Saying yes to the person and no to the behaviour
Critical performance reviews are a challenge for managers. It’s one of their toughest jobs. And normally they don’t like it. However, it’s their role to make sure that employees are measuring up with standards and targets. On the other hand they have to engage and motivate their people. What to do when both responsibilities seem to contradict? Especially in situations where employees have not carried out their jobs properly or misbehaved. As HR manager guide your managers through this difficult process.
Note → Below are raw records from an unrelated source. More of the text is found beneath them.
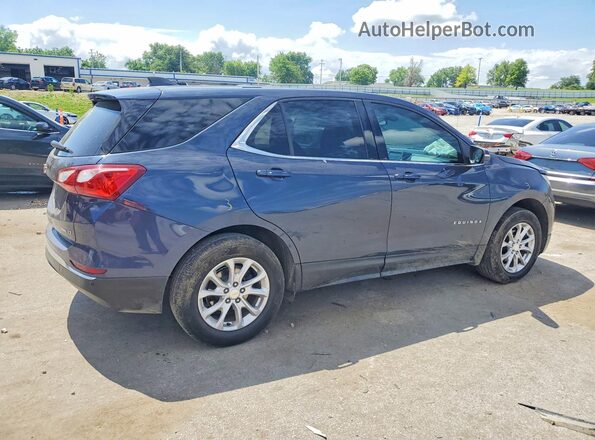 3GNAXSEV5JS554474 2018 CHEVROLET EQUINOX Синий 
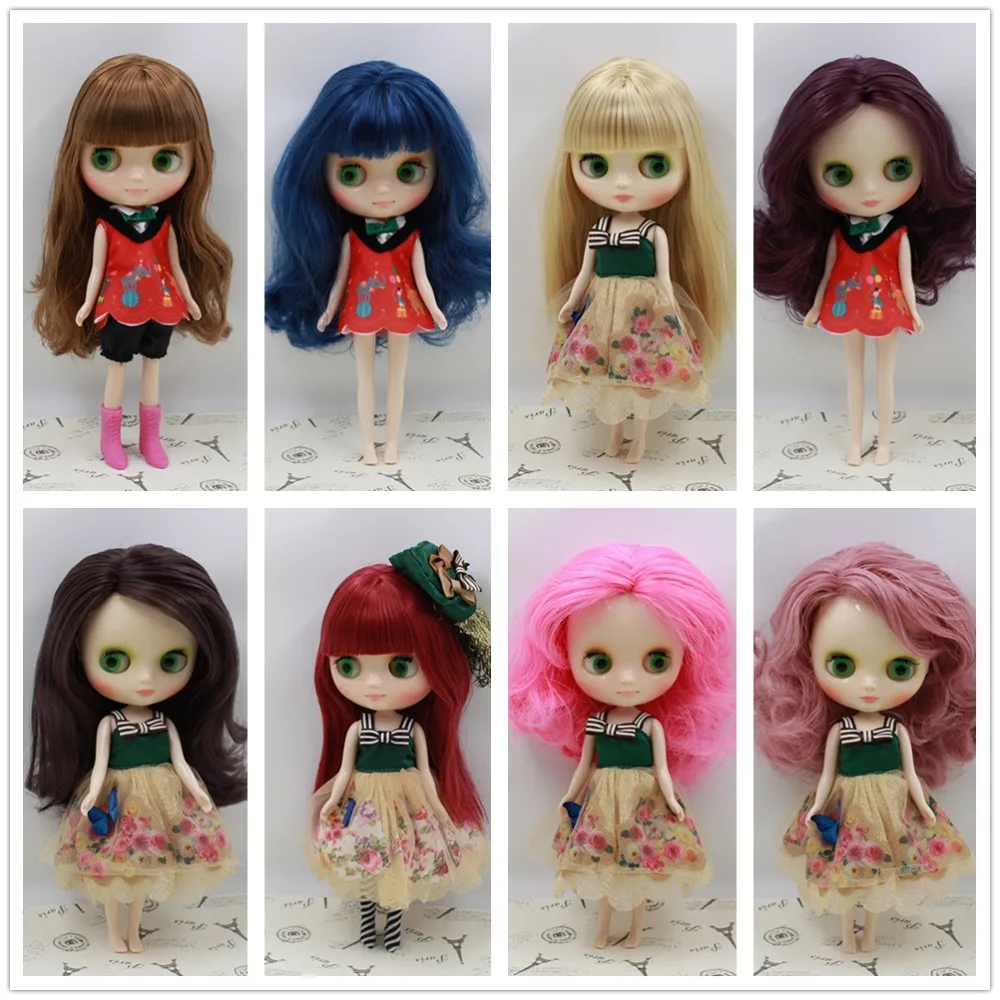 

Free shipping Nude Middie blyth Doll Middle Blyth Toy Gift, 1/8 doll(20cm), doll is selling nude, naked doll
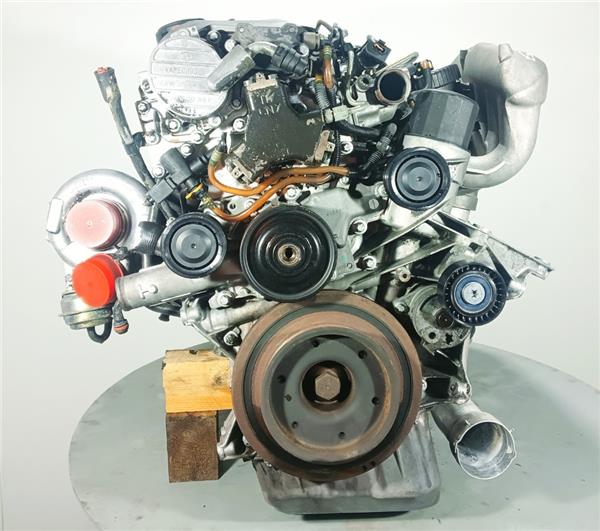 motor completo mercedes benz clase e (bm 210) berlina (1995 >) 3.2 320 cdi (210.026) [3,2 ltr.   145 kw cdi cat]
Help them in delivering effective reviews by sharing our hands-on guideline “How to fix a performance problem”:
Make an appointment and send an official invitation.
Schedule sufficient time and express the meeting’s significance clearly.
Emphasize its importance according to the seriousness of the deviation.
You want the employee to improve his performance or to change his behaviour. Therefore, it’s important to build rapport and to take care of the overall relationship. The subject of the conversation should be the employee’s performance or behaviour, not the employee himself. By separating these two aspects you show respect while making clear that you can’t tolerate the low performance or bad behaviour. Begin the conversation - if possible – with appreciating a positive aspect, even though the reason for this meeting is a negative consequence.
Tell the employee what hasn’t been respected and how his behaviour conflicts with the organization’s expectations, standards and principles. Use a closed question to check if the employee agrees with the principle:
“Do you agree that we treat all of our clients with respect?”
“Do you agree that deadlines have to be observed?”
“Do you agree that we admit our faults and don’t blame others?”
Make clear why you have to give the employee this negative review, why you can’t accept his performance or behaviour. Explain what you’ve observed, be specific and focus on the facts! Avoid any expressions that convey your opinion or judgment. Otherwise, the employee could see this as a personal attack.
After you’ve stated clearly that the low performance or misbehaviour isn’t acceptable, ask the employee what he’s going to change. Don’t be disappointed if you find that the answer isn’t precise enough! Ask further questions that will help the employee to develop a more concrete answer! Your final agreement should be precise and set concrete goals to avoid any different interpretations. Let your employee sign this agreement.
Schedule a follow-up meeting to monitor the progress. The agreement of this meeting is the basis for the next one.